Your task:
Reproduce exactly the lines below, starting at the line that contains "2025 Volkswagen Jetta 1.5T SE" and ending with the last line of the records, both included; leave out any pictures.
▼
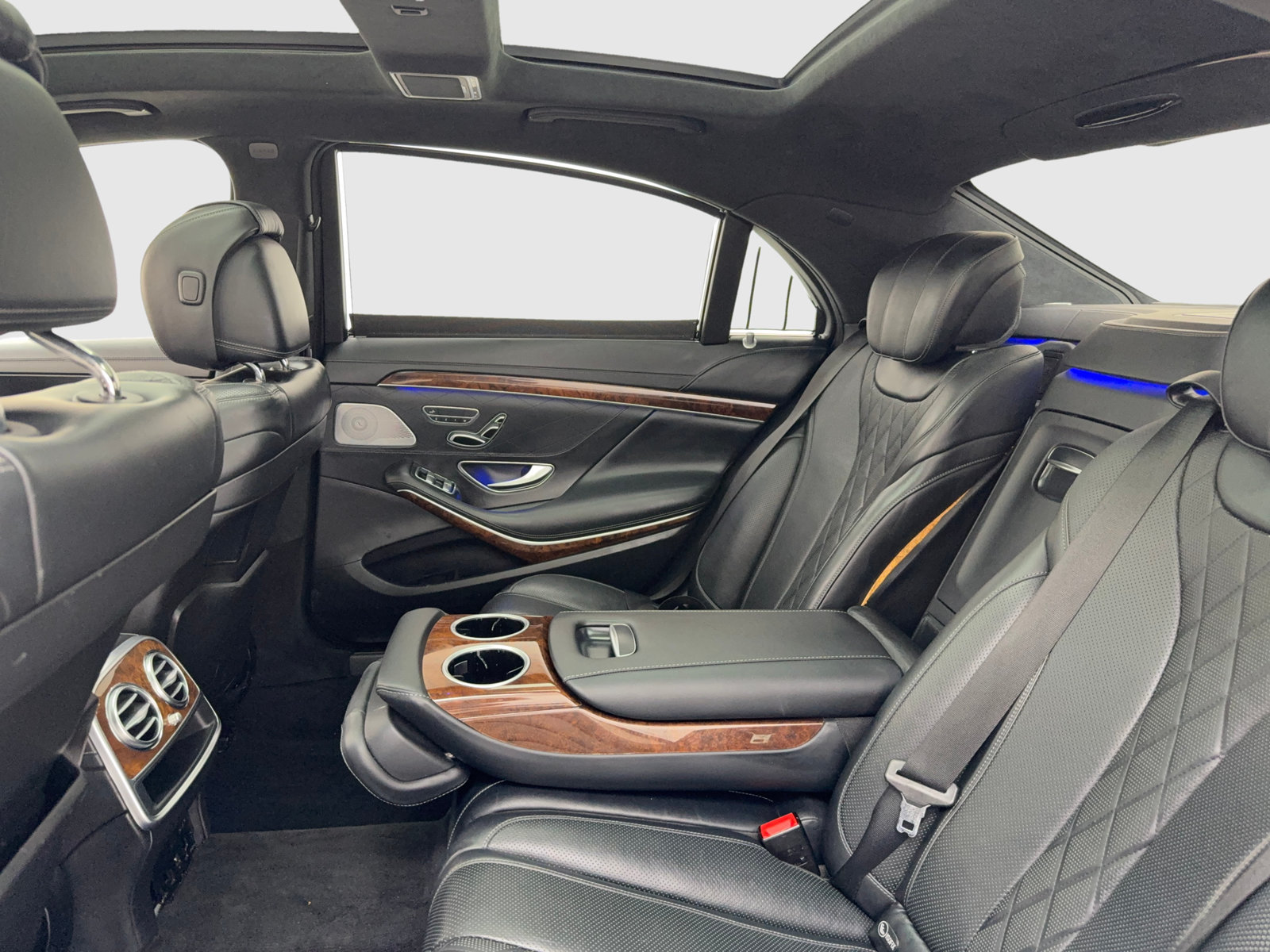 Used 2014 Mercedes-Benz S 550 Sedan w/ Sport Package image 38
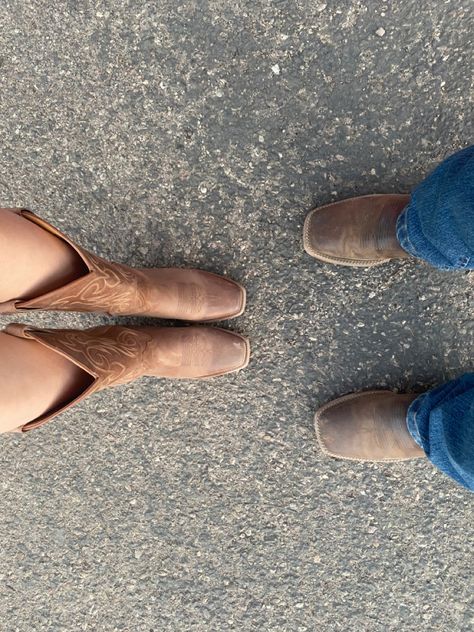 #boots #coupleportrait Boots Cowboy, Love Couple, Rodeo, Couple Goals, Cowboy Boots, Cowboy, Couple Photos, Boots, Blue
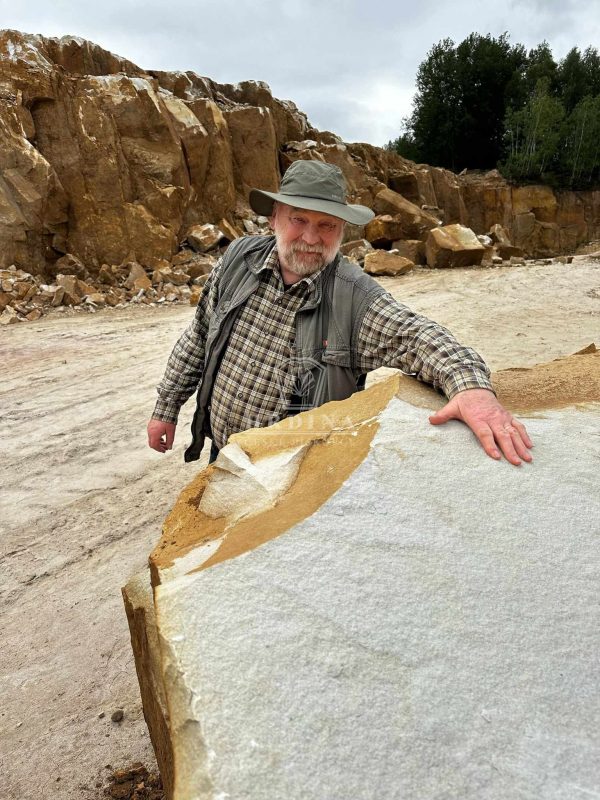 Akademický sochař Vojtěch Adamec při výběru pískovce v lomu Vyhnánov pro památník obětem střelby na Filozofické fakultě — Hrdina & České Pískovce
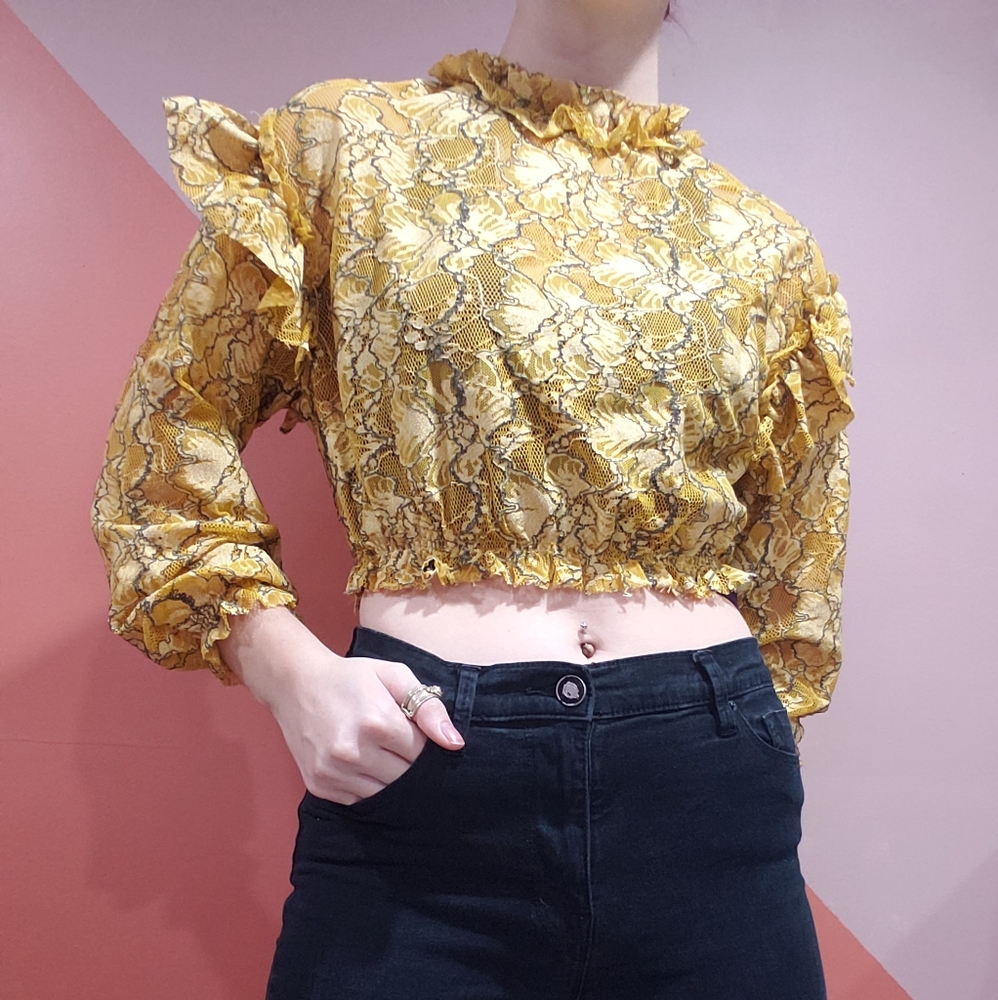 Fringe lace crop top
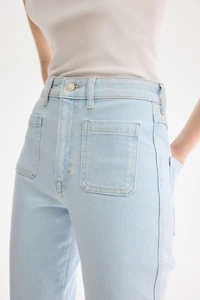 Flared Ultra High Jeans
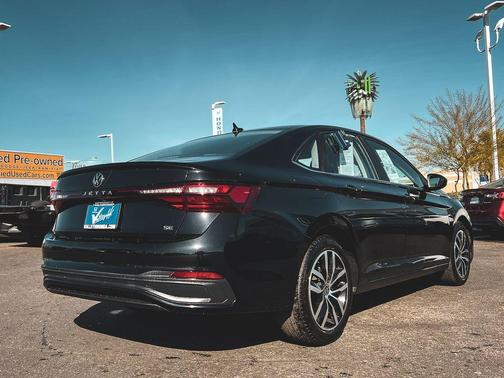 2025 Volkswagen Jetta 1.5T SE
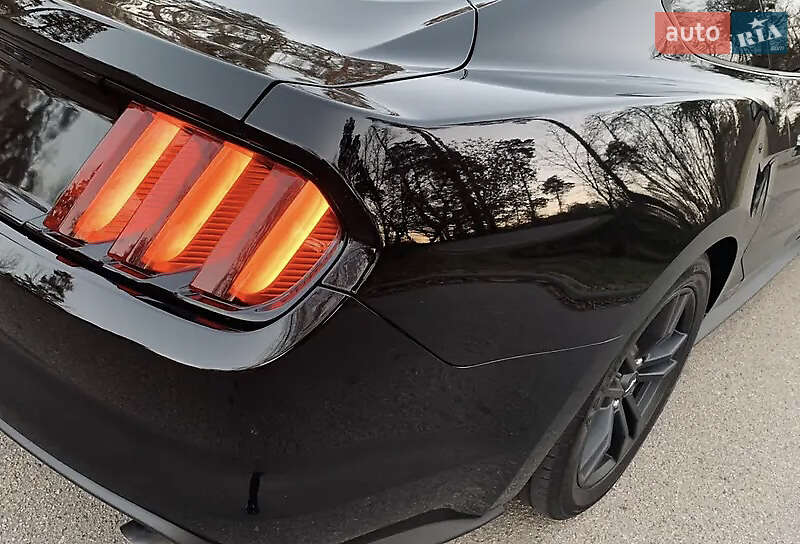 Купе Ford Mustang 2015 в Києві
▲
Answer area:
 2025 Volkswagen Jetta 1.5T SE
 Купе Ford Mustang 2015 в Києві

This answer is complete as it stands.